Abstract

Multiculturalism used to be a buzz word all over Europe, but has in recent years suffered a severe backlash especially in the UK and the central EU states (Vertovec and Wessendorf, 2010). All the more interesting, then, to read a book from the European periphery on this topic. How has multiculturalism fared in Finland? What is multiculturalism in Finland, a country with a notoriously low rate of immigration? This book, the author’s doctoral thesis, throws light on these and other questions. The chief aim of the book, however, speaks primarily to feminist theory: ‘to explore, firstly, how multicultural women’s politics as it is practised in Finland could bring more nuance to feminist thinking; and, secondly, how feminist theory could open up multiculturalism in the Finnish context and perhaps introduce new perspectives to the existing debates’ (p. 16). There is much to commend such an approach, especially given the emphases on gender politics in the Nordic countries which makes the intersection of gender and ‘multiculturalism’ a particularly rich field of study.
A few words about the choice of ‘multiculturalism’ as an analytical concept. This, I feel, is a murky and highly politicized term which should be used with care, and the author attempts to defend and define her use of it in a way which I do not find entirely convincing. This may also be why she ends up not really answering the main questions that she sets out to explore. For her, ‘Multiculturalism refers to the ways in which the differences relating to race and ethnicity in the nation are imagined’ (p. 21), a definition that is original at best and imprecise at worst. She considers and rejects what she feels are alternative terms such as ‘ethnic minorities’ on the grounds that they ‘can have “minoritising” effects, meaning that the number of people described is understood to have bearing on the significance of their experiences. This phrase can also imply that some people are more ethnic than others’ (p. 20). While I agree with this, I fail to understand why she has not considered using a term like ‘ethnicity’ as a theoretical concept – also a contested concept, but with a considerably stronger theoretical foothold than multiculturalism. ‘Ethnicity’ is also empirically closer to the material presented in the book, which surely has less to do with ‘cultures’ than with the intergroup, power-laden dynamics of encounters that ethnicity as a theoretical and analytical concept is well suited to grasp. This would also have made it possible to avoid mixing up the various meanings and aspects of ‘multiculturalism’ – as a term describing empirical phenomena, as an ideology promoting diversity as a good in itself, as a native term, an analytical term and so on. What I have in mind is not a concept of ethnicity as it is used in this book (for instance ‘“Finnishness” is an “ethnicity” understood as being defined by certain “cultural traits”’, p. 203). Rather, I would suggest to the author an exploration of ‘a more dialectical model of ethnicity [where] organizational boundaries and “cultural stuff” inflect each other . . . [and] the effects of power differentials and the categorization by others are acknowledged’ (Gullestad, 2002: 60).

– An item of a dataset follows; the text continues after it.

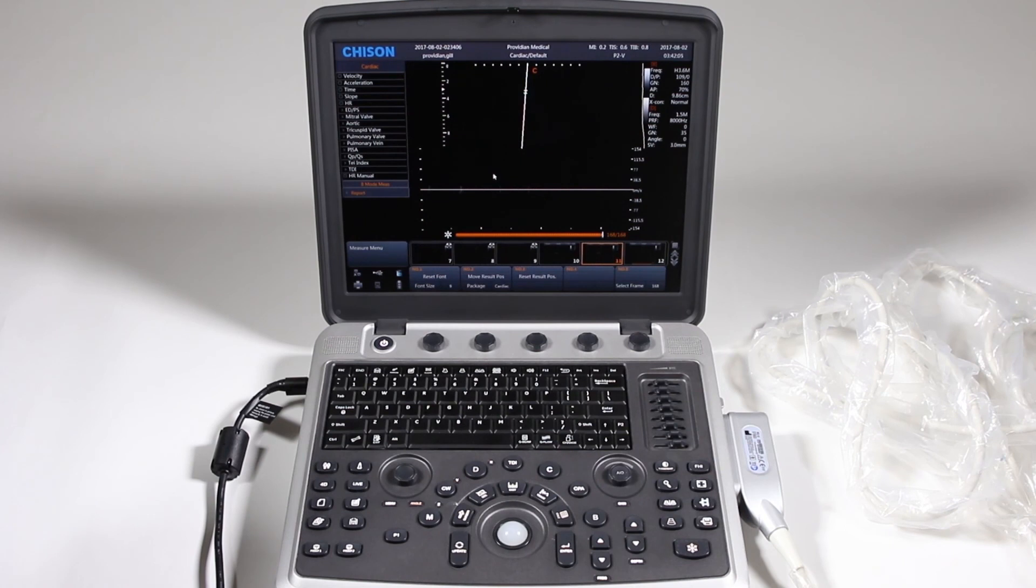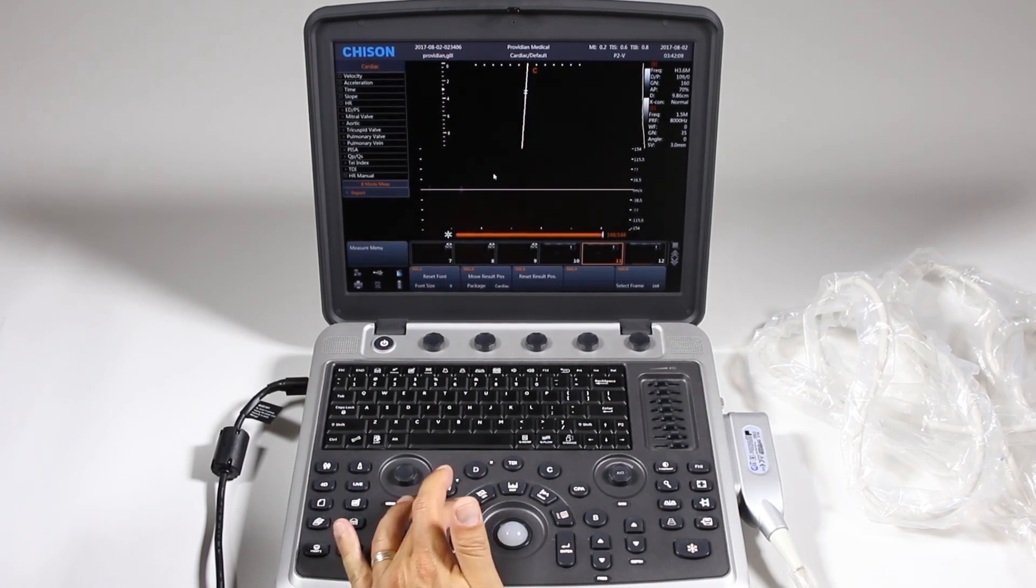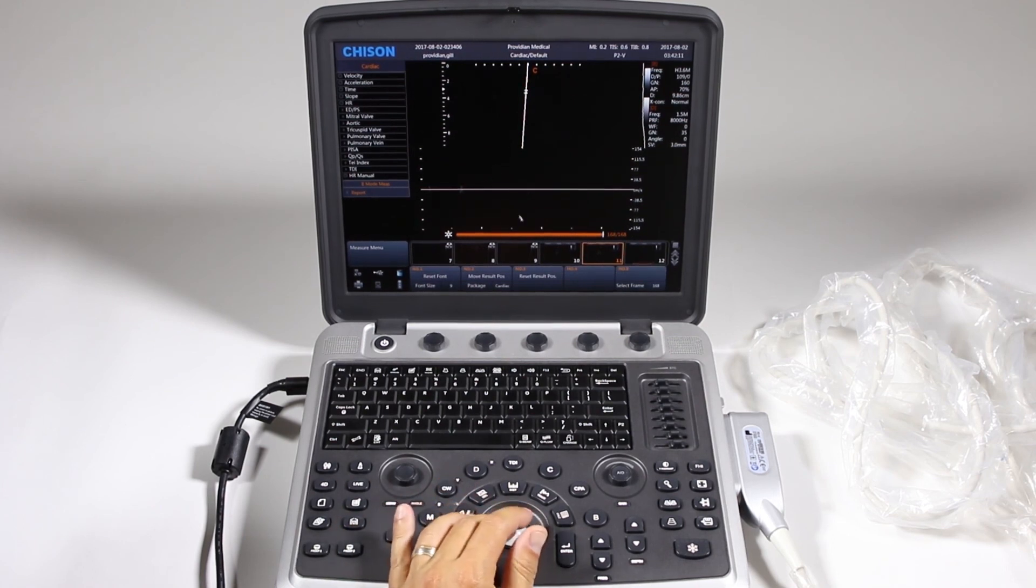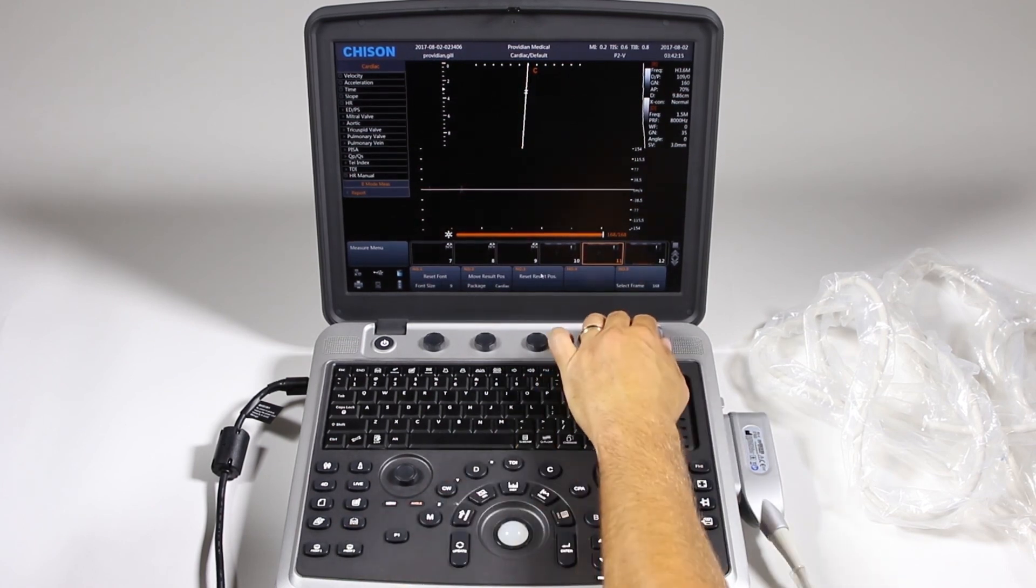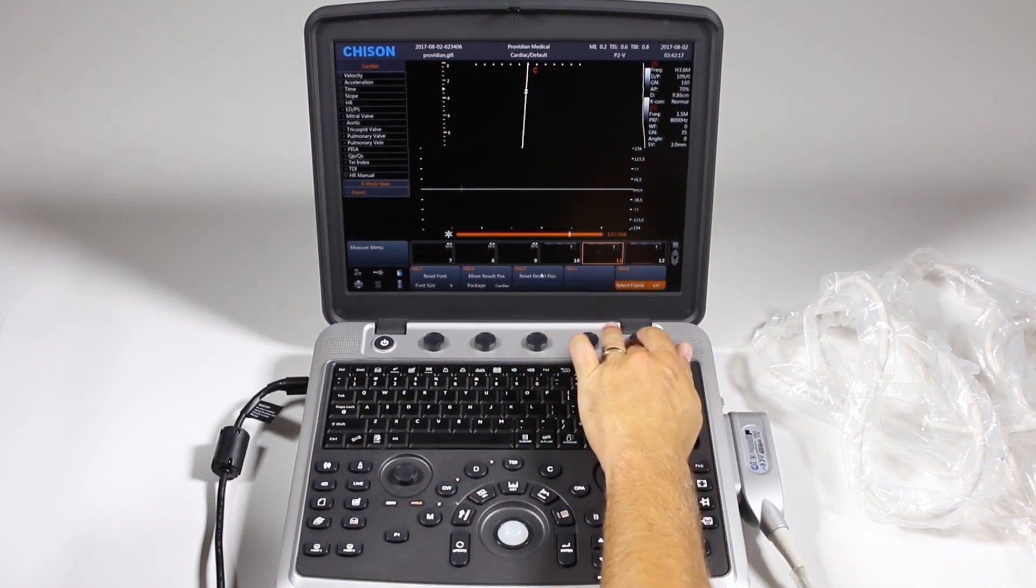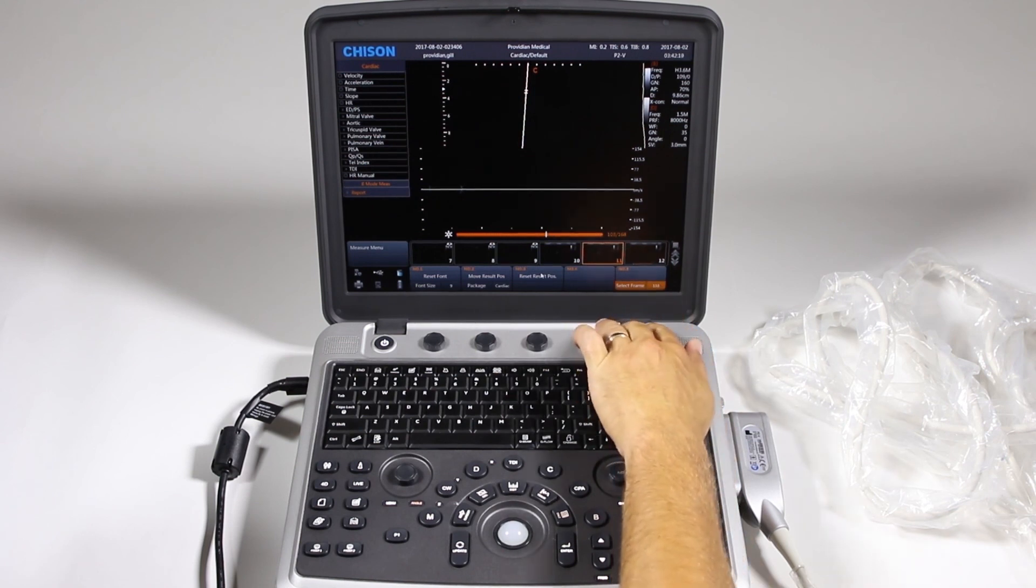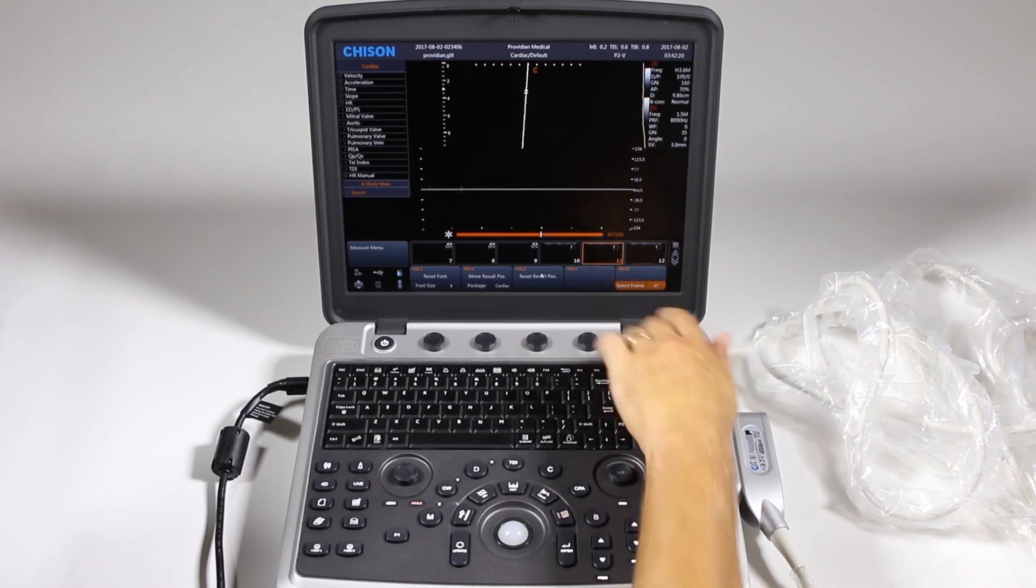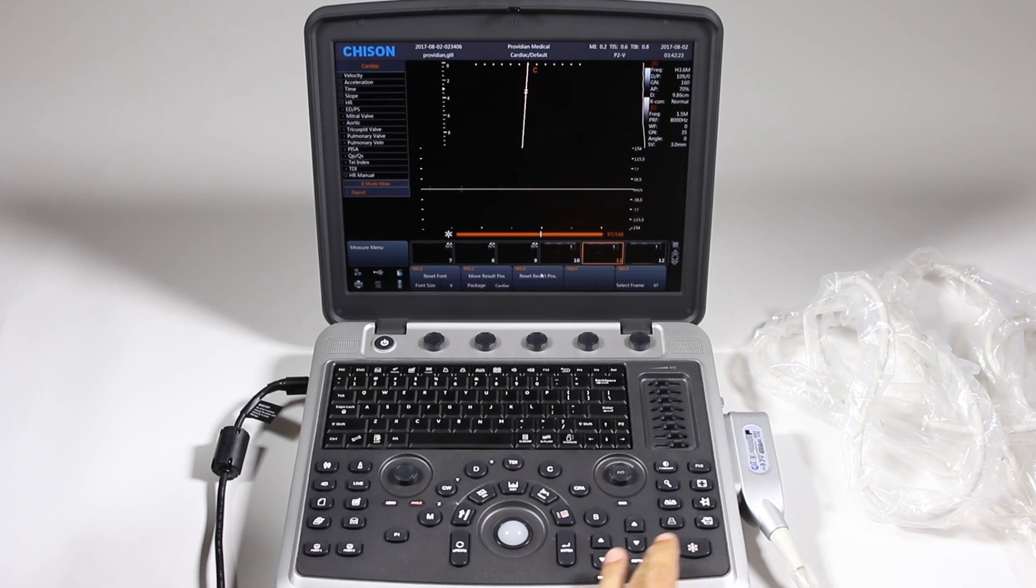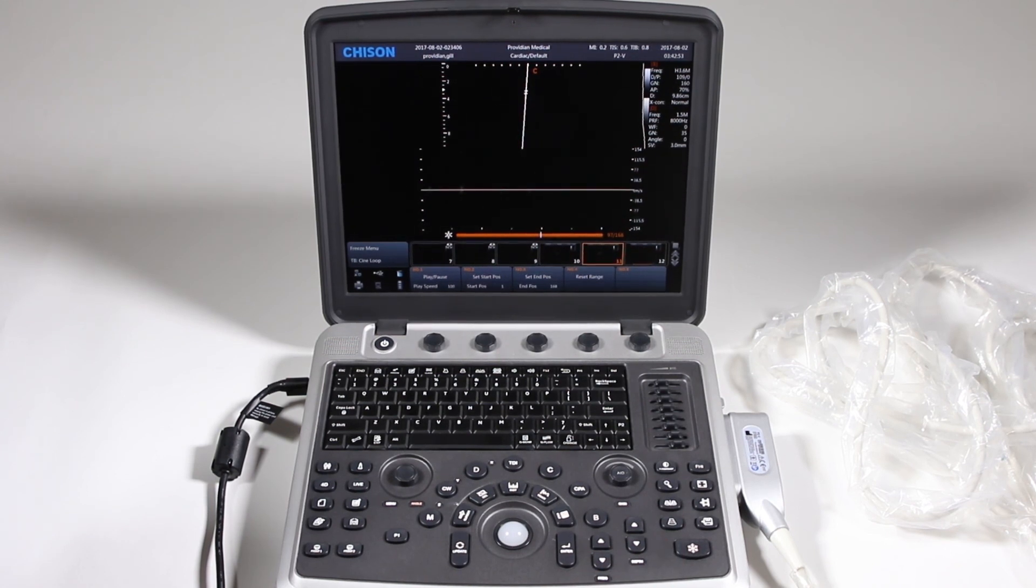Now another item here is when I'm frozen and I hit the calc, you can go back to the Cine Review and change the frame from which you select by just doing the select frame here and scroll back through there. And then you can take a measurement from there. And next we'll get into image review reports and export on your Sonobook 9.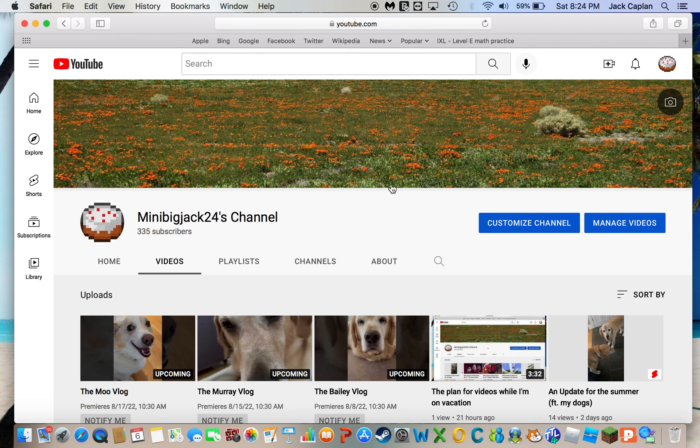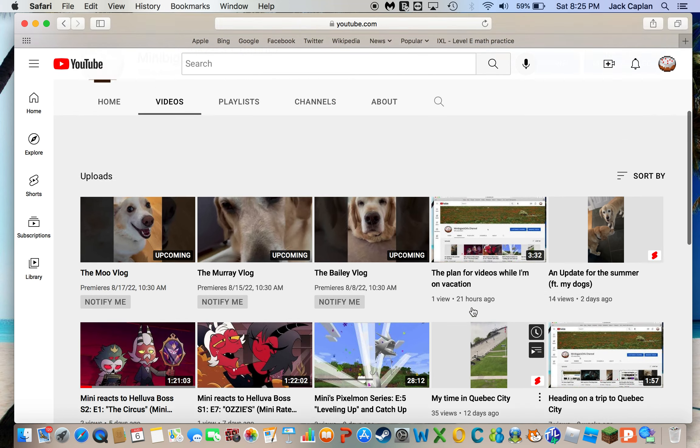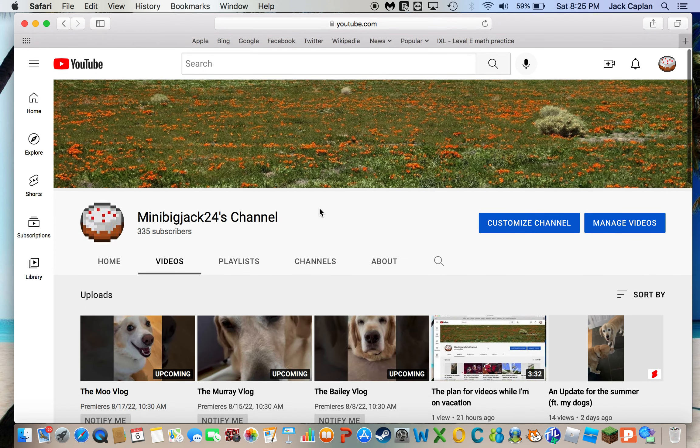But I thought I could give you guys a couple snippets of some iPhone footage, like what I did for Quebec City and whatnot.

The main empirical focus of the book is on a project called ‘the Globe’, a three-year project focusing on the empowerment and integration of migrant women, especially through mentoring, where the mentors too were women of migrant background. The project was initiated and run by a Finnish women’s NGO. The descriptions and analyses of this project are excellent. We are presented with a vivid image of a many-faceted and complex phenomenon, and the author convincingly frames this phenomenon within a neoliberal European system of project-based policy funding. Her acute and critical observations strengthen the wider relevance of the book: I think researchers and practitioners in all parts of Europe will at some level find the material and political conditions of the Globe disturbingly familiar. The dynamics between what happens within the Globe and what happens around it are well described and admirably analysed. Historical conditions, viewed through the lens of postcolonial theory, as well as contemporary conditions, viewed through the lens of feminist and queer theory, are highlighted and analysed in relation to each other. I would especially direct the attention to Chapter 7, where these perspectives and descriptions really come together and inform one another in the analysis of expertise versus experience as racialized concepts.
So, what about multiculturalism in Finland? Is it still going strong? The answer is, a reading of this book tells us, that it never was. Not only has Finland never adopted any official, multicultural policy, but even an ostensibly multicultural project like the Globe turns out to be both monocultural and discriminatory. The author’s ‘paranoid reading’ (p. 97) of the Globe reveals that in the project’s very focus on empowerment lies its doom: it addresses the individual agency of immigrant women within a framework of structural racism where such agency makes little or no difference. Surprisingly, her conclusion is that ‘with the rise of racism and xenophobic parties across Europe (including Finland), there is a need to work with and against multiculturalism as a concept, rather than to merely critique it for it being superficial, apolitical and individualistic’ (p. 213). I wonder if multiculturalism is really the best candidate for the job.